__Data__:

-*-*-

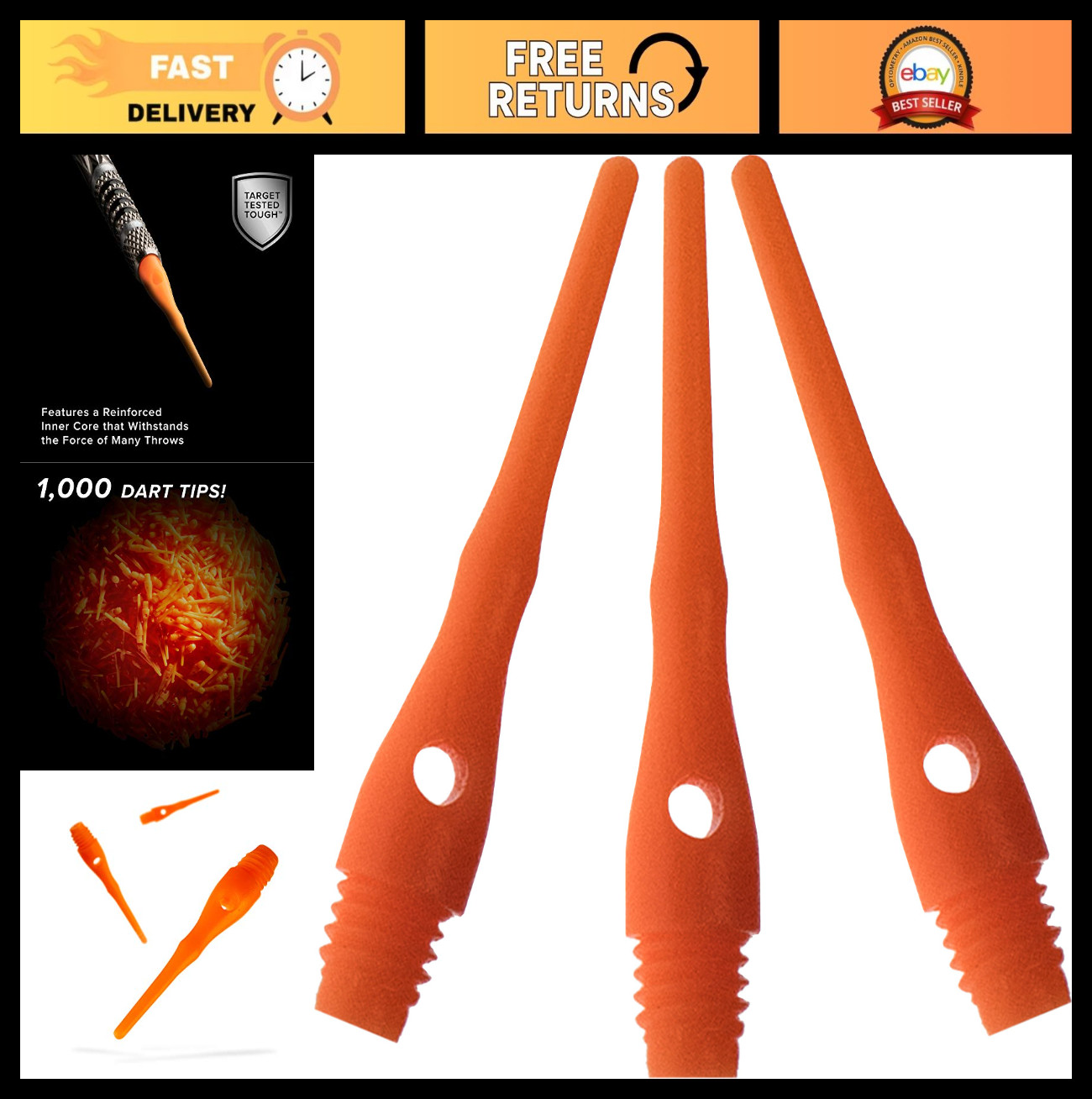 Soft Tip Dart Points 2BA Thread - Tufflex III, 100/1000 Pack, Dart Accessories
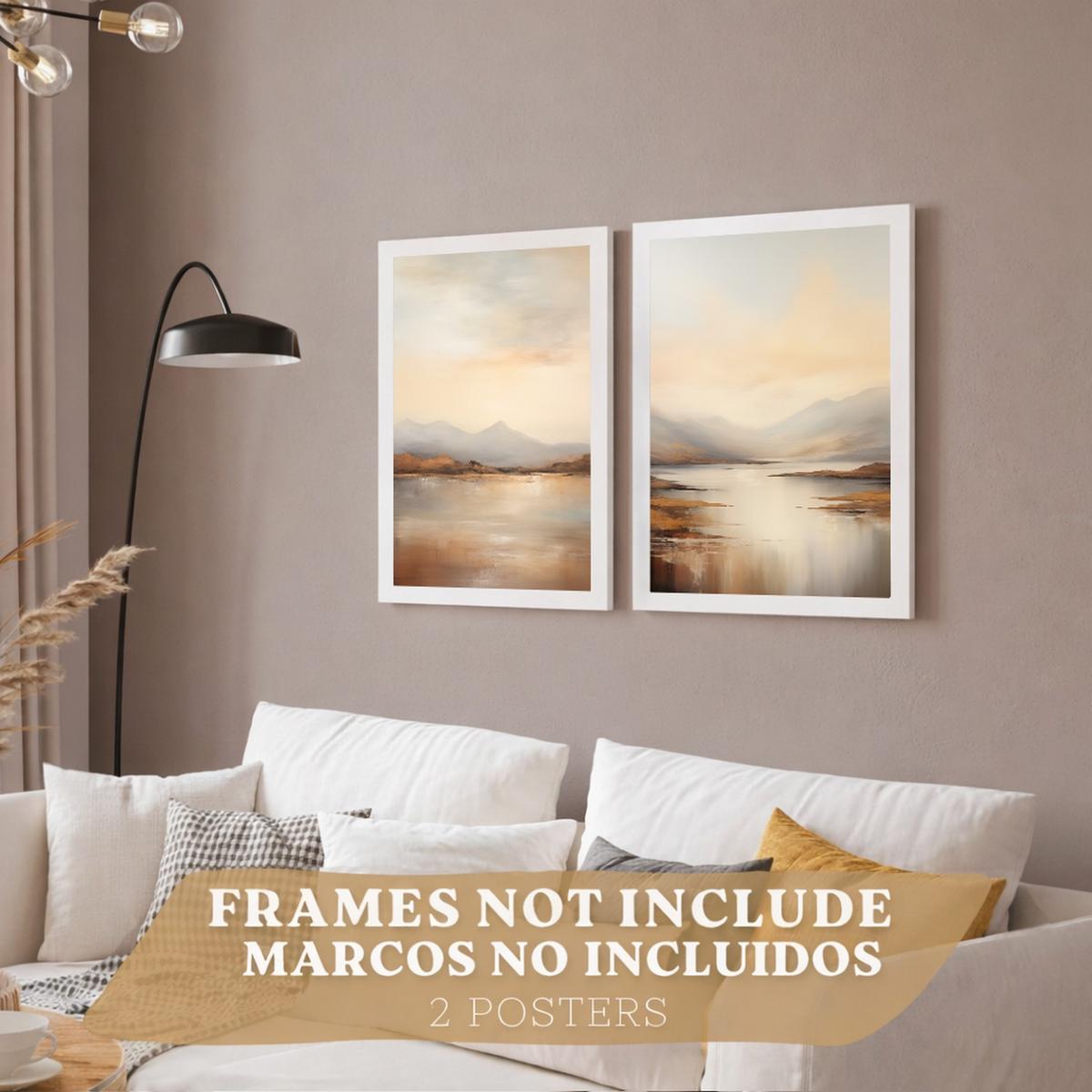 POSTER 2er-Set Wandbilder Sonnenaufgang modern Wohnzimmer Deko, Schlafzimmer, Küche, Badezimmer Rahmenlos A3 - Klar, Papier (29.7/1/42cm) - Nacnic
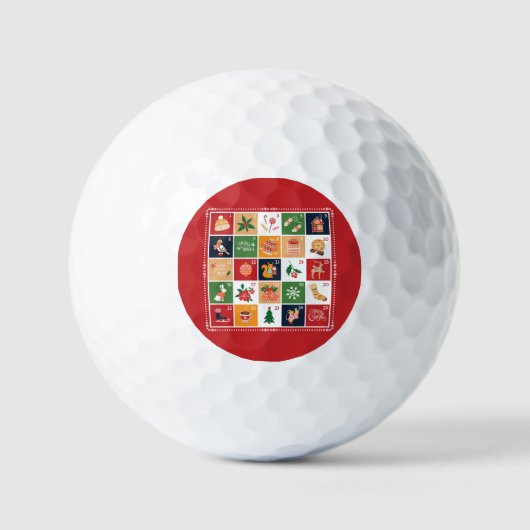 Frohe Weihnachtskalender Poinsettia Red Golfball (Vorderseite)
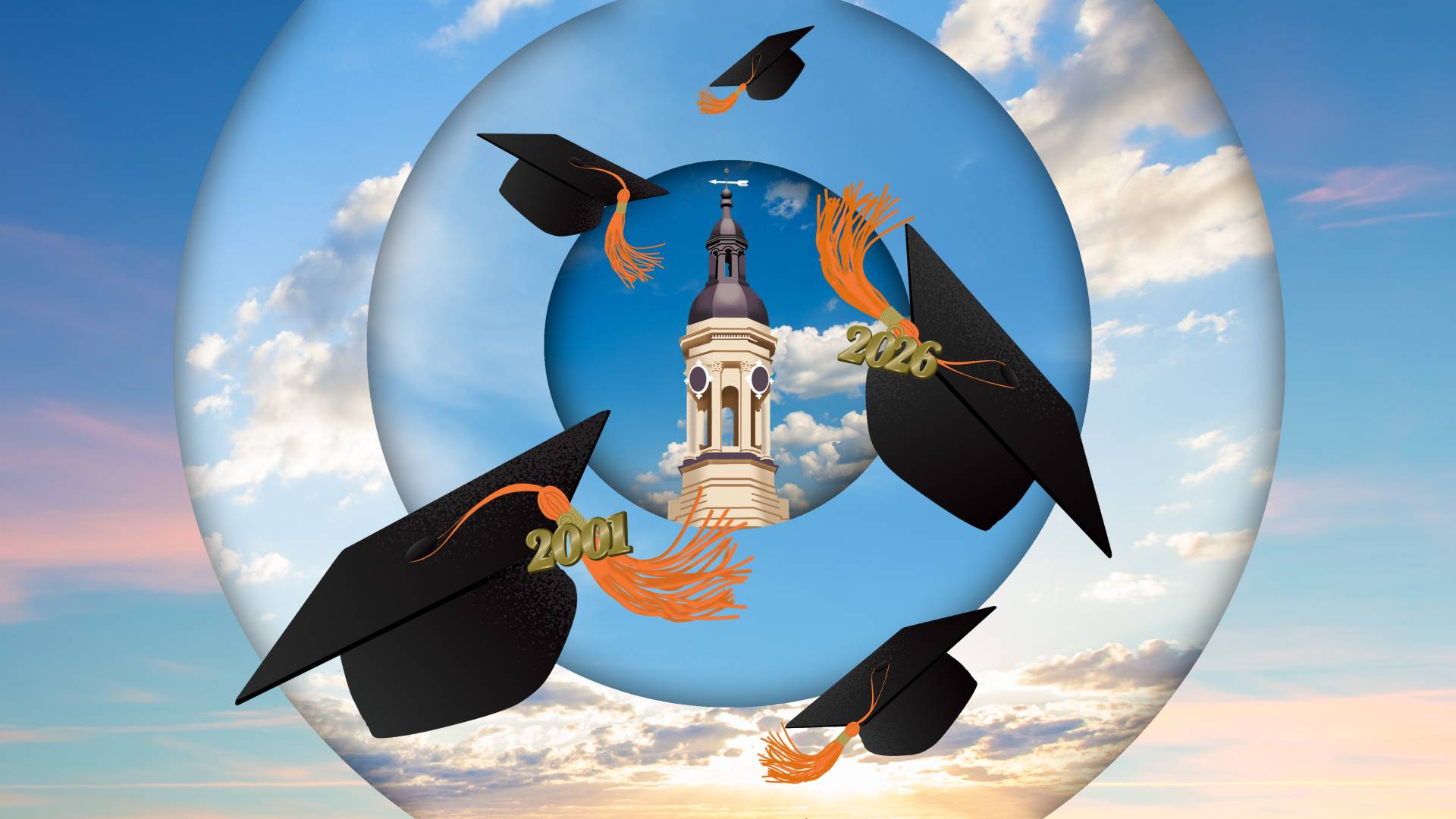 mortarboards in the air in front of circles of blue skies and Nassau Hall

-*-*-

Only the lines from the one with "Frohe Weihnachtskalender Poinsettia" to the last line of the listing, inclusive, are to be set down, exactly as they stand and without pictures.

 Frohe Weihnachtskalender Poinsettia Red Golfball (Vorderseite)
 mortarboards in the air in front of circles of blue skies and Nassau Hall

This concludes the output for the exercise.